▶ **Material provided**
*** Block opens ***
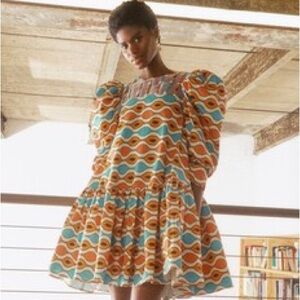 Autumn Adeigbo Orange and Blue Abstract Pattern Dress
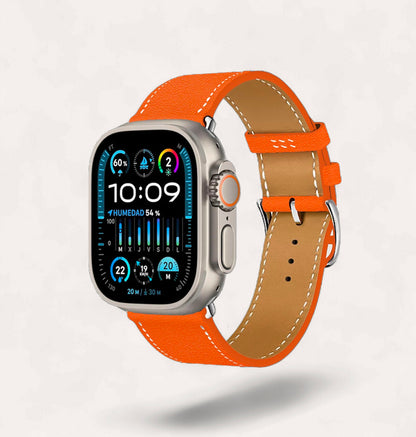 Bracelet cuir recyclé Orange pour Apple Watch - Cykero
*** Block closes ***
*** Block opens ***
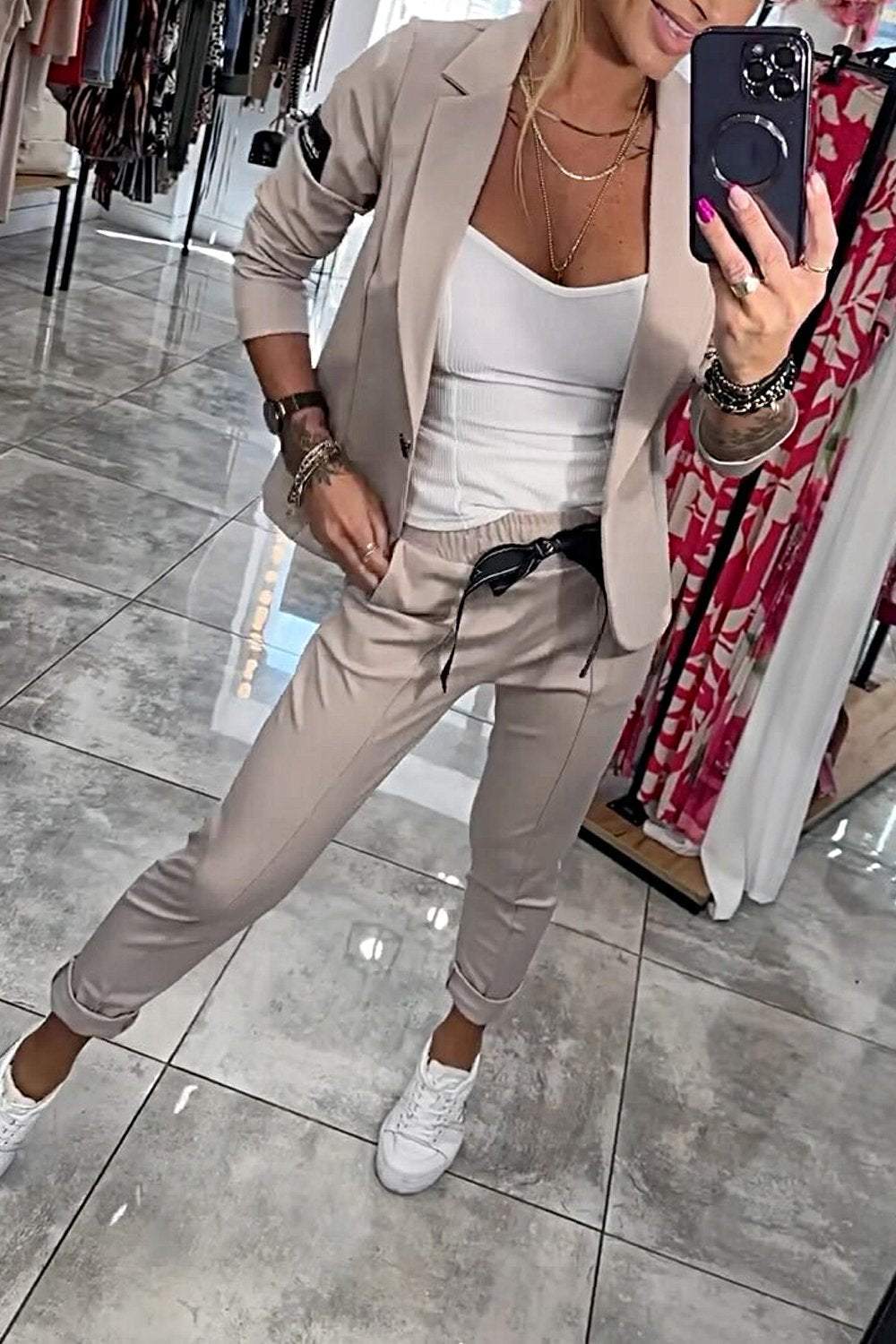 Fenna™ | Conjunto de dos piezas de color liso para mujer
*** Block closes ***
▶ **Problem statement**
Only one stretch of the entries above is needed: the lines from the one containing "Autumn Adeigbo Orange" through the one containing "Bracelet cuir recyclé". Copy it exactly, without the pictures.

▶ **Your solution**
 Autumn Adeigbo Orange and Blue Abstract Pattern Dress
 Bracelet cuir recyclé Orange pour Apple Watch - Cykero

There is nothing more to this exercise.